If you’re not down for doing a whole month, try a week. Or a weekend, or even a few days. It is more about being intentional and resetting your mindset.
2. Buy or acquire used
I recently had my neighbor over to teach her how to bake No Knead Bread. She kept commenting on the beauty of one of my bowls. I told her it was a very old Pyrex bowl that belonged to Troy’s grandma. Let’s be clear, it has seen some cooking action but still looks almost brand new.
My neighbor also complimented my baguette bread pan and a few other items and was surprised when I told her they were all from Goodwill.
Thrift stores, church rummage sales, and garage sales are fabulous places to pick up high-quality items for a much lower price. You may even get lucky and find a $1,000 piece of furniture for $15.
3. Buy Quality
If you need to buy something new, buy the highest-quality item that you can afford. Every budget is different and every family’s needs are different. Invest what you can afford. It is that simple.
4. Carry a Waterbottle. Everywhere
I am an unapologetic super fan of Liberty Bottleworks and their locally made metal water bottles. They’re a Washington State company and they make rad bottles that I may be addicted to.
A reusable water bottle will save you so much money on bottled water, not to mention it will reduce your plastic consumption dramatically. Most bottled water is simply filtered tap water.
Why pay more when you can refill your own adorable bottle with filtered tap water?
5. Ditch the Baggies
Four years ago we invested in a Yumbox when my oldest son started Kindergarten. That $30 leakproof lunchbox is still alive and kicking today and looks almost brand new. It keeps things separate and cut fruit will not brown due to the lock-tight seal around each compartment.
If it can survive my kid, it can survive almost anything.
Another fun way to reduce plastic baggie usage is to make your own cloth version. This tutorial on reusable snack bags will walk you through that easy process. The sewing level for this project is “adventurous beginner”.
6. Reusable Grocery Bags
I recently needed to have a small stockpile of plastic grocery bags at home, and so I kept my reusable grocery bags in the car during a grocery run. I could not believe how many plastic bags they needed to replace my three canvas bags.

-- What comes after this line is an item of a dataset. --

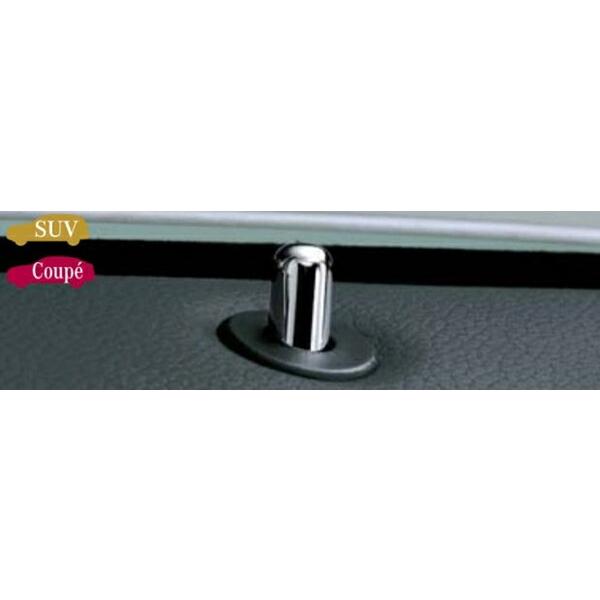 GLE クロームドアロックピン ベンツ純正部品 LDA CBA パーツ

If you’re new to the reusable bag scene, ChicoBag is great because they are strong and expand but fold up in a tiny little compact package. I received one as a free gift with purchase almost 10 years ago and it is still one of my favorite bags.
I also love the giant $3.99 canvas bags from Trader Joes (the ones with navy colored handles). They’re heavy-duty and last forever.

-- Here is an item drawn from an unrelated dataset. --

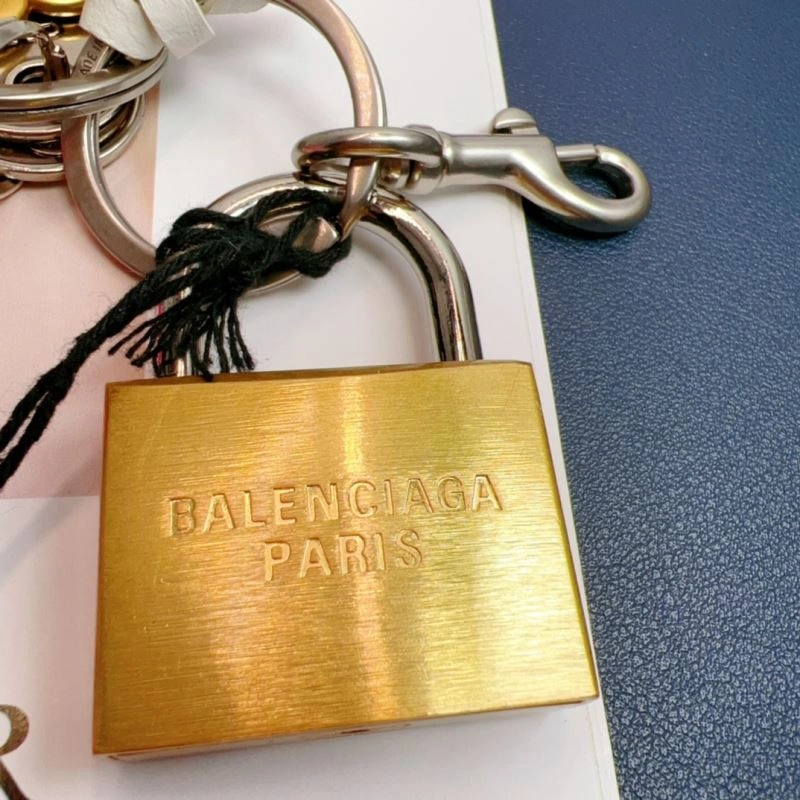 Soft Balenciaga Keychains 265867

Want to make your own reusable zero waste produce and bulk bin shopping bags? This tutorial will walk you through the process. The sewing level would also be considered “adventurous beginner”.
7. Glass is Kick-Ass
The humble mason jar is one of the most under-appreciated tools in an effort to reduce waste and consumption. Besides being awesome backdrops for folksy Instagram photos, mason jars are a workhorse! We use them for storing homemade dips, leftover soups, sauces, and even simple quinoa side salads.
The beauty of a mason jar is that they’re designed for extreme conditions (sitting in boiling water for up to 85 minutes), so chances are it can comfortably deal with your overnight oats.
Note: if freezing in mason jars, only use wide mouth jars and leave 1 inch of headspace (space between the top of the food and the top of the jar) to prevent the food from expanding too much while freezing.
Outside of the food space, I use mason jars for homemade deodorant, to organize items in my bathroom drawers, and even as organizers in my car’s center console.
Right now you’re probably asking yourself if there is anything that a mason jar can’t do. And the answer is no, no there isn’t. Mason jars are the best! They are also available for about $.20 at most thrift stores.
But if you have a need to store something larger than what a mason jar can hold, I love these Snapware leak-proof glass containers (Costco also carries them) and these meal prep glass containers (aka the wet dream of every eater like myself who doesn’t want their food touching). I even bring my own container when we’re dining out so I can bring leftovers home.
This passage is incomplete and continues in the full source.